WASHINGTON (November 3, 2023) — In an effort to disrupt the ALS clinical research landscape in the U.S., the National Institutes of Health has announced the establishment of a transformative national clinical research consortium to be co-led by researchers at Georgetown and three other institutions.

Amyotrophic lateral sclerosis, more commonly known as ALS or Lou Gehrig’s disease, is a complex and poorly understood neurodegenerative disease with few effective therapies available. It is a rapidly progressive, ultimately fatal, neurodegenerative disease with an average of 5,000 new cases diagnosed every year in the U.S., making it the most prevalent adult-onset progressive motor neuron disease.
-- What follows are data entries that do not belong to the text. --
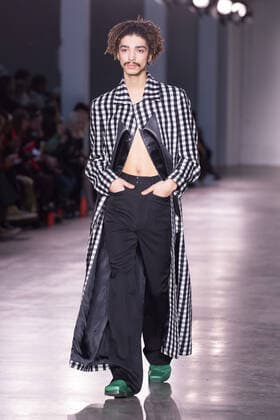 Bilder des Jahres 2020, Entertainment 01 Januar Entertainment Bilder des Tages Pronounce catwalk show during London Fashion Week Men s January 2020 at The Truman Brewery BFC Show Space in Brick Lane, London. JANUARY 4th 2020  TSTx2013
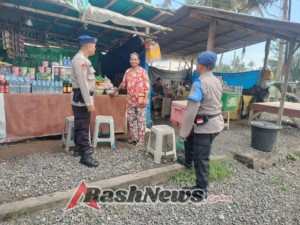 Satpolairud Polres Gianyar Laksanakan Polisi Banjar di Pesisir Pantai Masceti
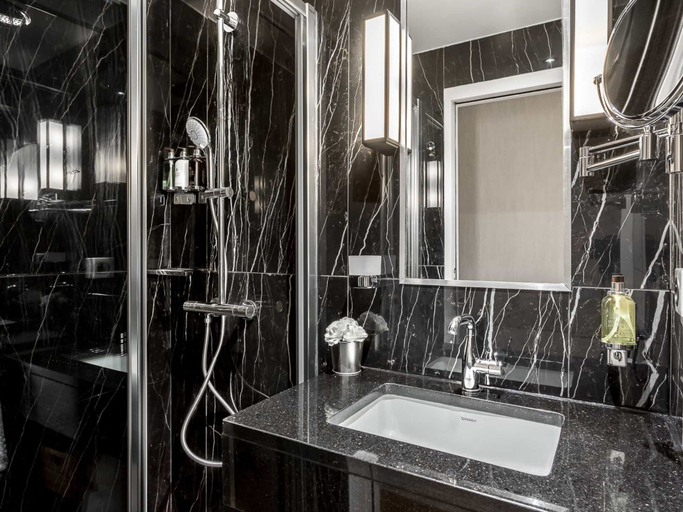 Bathroom 4, Merveil Luxury Suite - Louvre Rambuteau, Paris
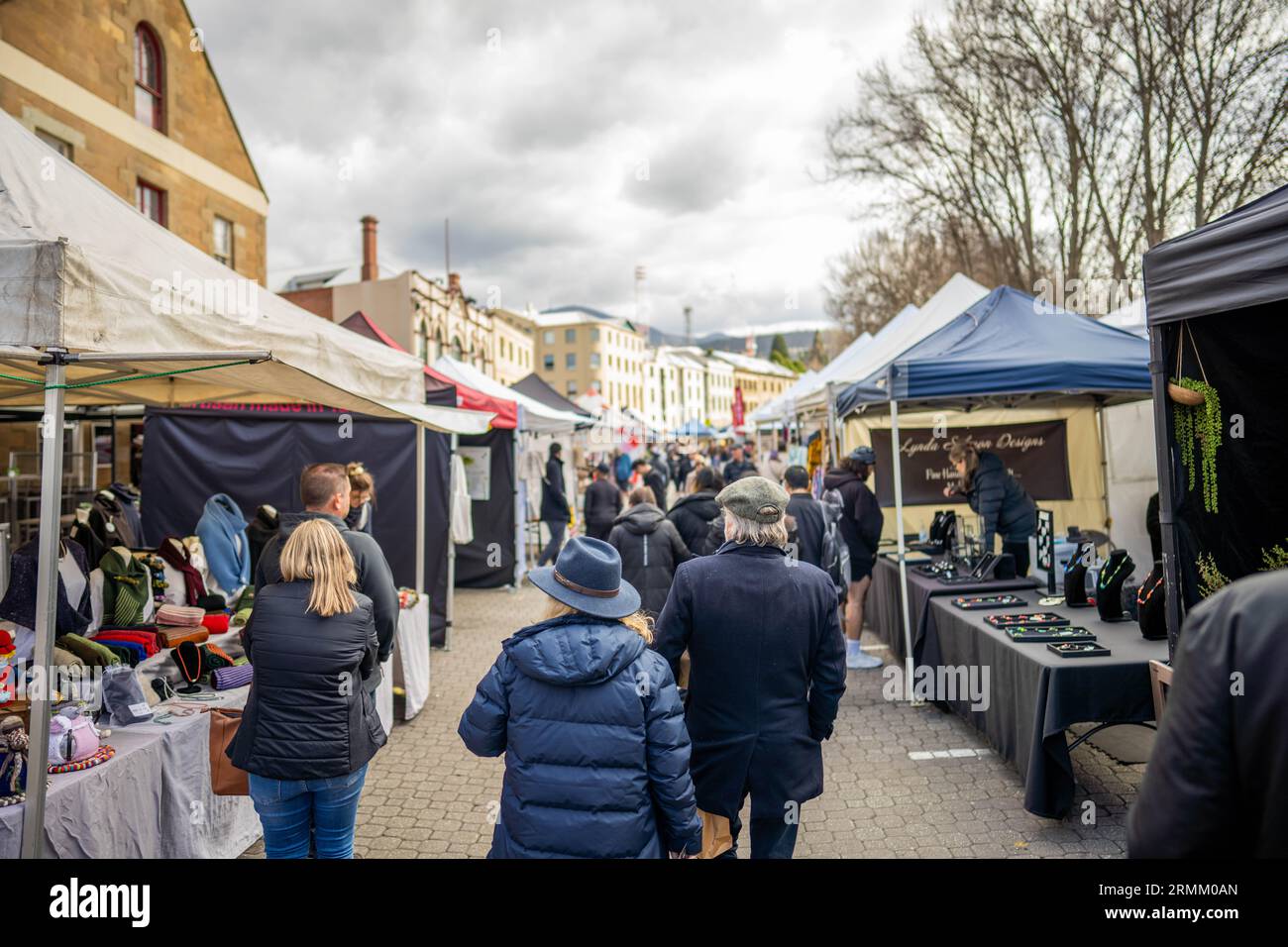 turista al mercato agricolo, al mercato salamanca di hobart, australia Foto Stock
The NIH says the new consortium, Access for All in ALS (ALL ALS), addresses an urgent need for a large-scale, collaborative effort to collect clinical and biomarker data from people with ALS symptoms, pre-symptomatic individuals at risk for ALS, and healthy controls. Identifying biomarkers can help guide researchers about its onset, progression and response to effective therapies.

Brent Harris, MD
Brent T. Harris, MD, PhD, FCAP

Georgetown’s Brent T. Harris, MD, PhD, FCAP, associate professor of pathology and neurology and director of the Georgetown Brain Bank, will serve as the ALL ALS lead neuropathologist and one of the 11 principal investigators in the multi-institutional consortium.

“ALS is a remarkably challenging disease, so approaching it from every available angle is necessary,” says Harris. “Georgetown is pleased to contribute to this very important national effort with the hopes of discovering new information that might yield a better understanding of the disease so that one day, we can find better treatments or, better yet, prevent it altogether.”
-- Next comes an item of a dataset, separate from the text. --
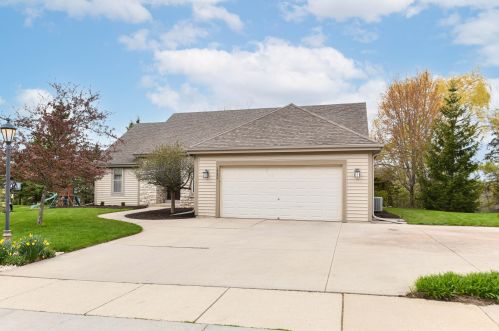 1730 Hunter Rd, Waukesha WI  53189-8233 exterior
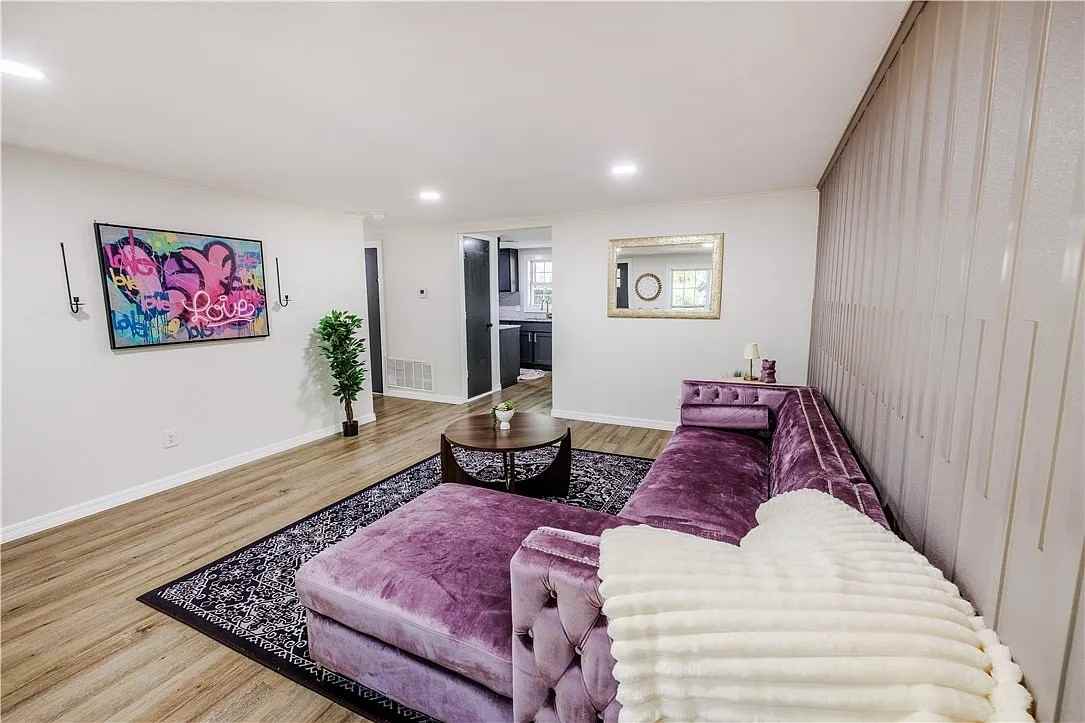 1363 W Hendrix St #NA - Photo 3 of 27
Harris currently oversees the longstanding Target ALS postmortem tissue collection consortium. As part of the new consortium, he’ll also help guide consortium leaders and various sites as additional tissue banking programs are considered.

Other consortium collaborators include Massachusetts General Hospital, the Barrow Neurological Institute, and Columbia University.
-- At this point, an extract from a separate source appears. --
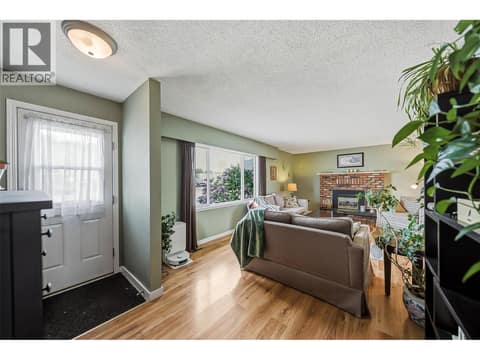 Photo 4 of 1125 Halston Avenue, North Kamloops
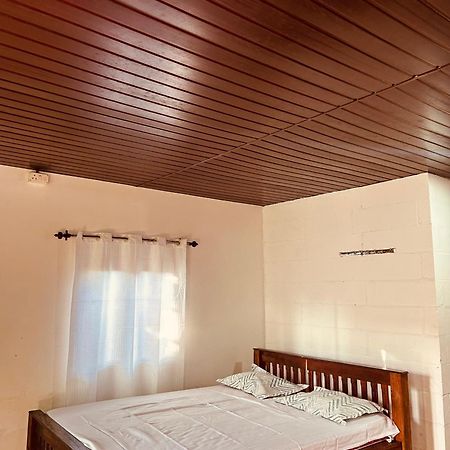 Villa Silent House à Kudayattur Extérieur photo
In addition, the consortium will help coordinate 34 clinical trial sites across the United States and Puerto Rico, including Georgetown and its clinical partner, MedStar Health.

“As an academic health system, MedStar Health and Georgetown University have an established track record of conducting the most advanced clinical studies in neurologic diseases,” says Carlo S. Tornatore, MD, chair of the neurology department. “We look forward to continuing our work with ALS families in the mid-Atlantic region as we help them along in this difficult journey.”

To foster wide representation across populations, data will be collected from both remote and in-person visits, including many clinical sites located in geographical areas with underrepresented minorities. Data will be collected and harmonized in a single central data portal to enable information sharing and dissemination with researchers worldwide.

The NIH says ALL ALS reflects recommendations of the Accelerating Access to Critical Therapies for ALS Act Public Private Partnership for Rare Neurodegenerative Diseases between NIH, FDA, and other eligible entities. This grant supporting ALL ALS is made possible by the Accelerating Access to Critical Therapies for ALS Act, which was signed into law in December 2021.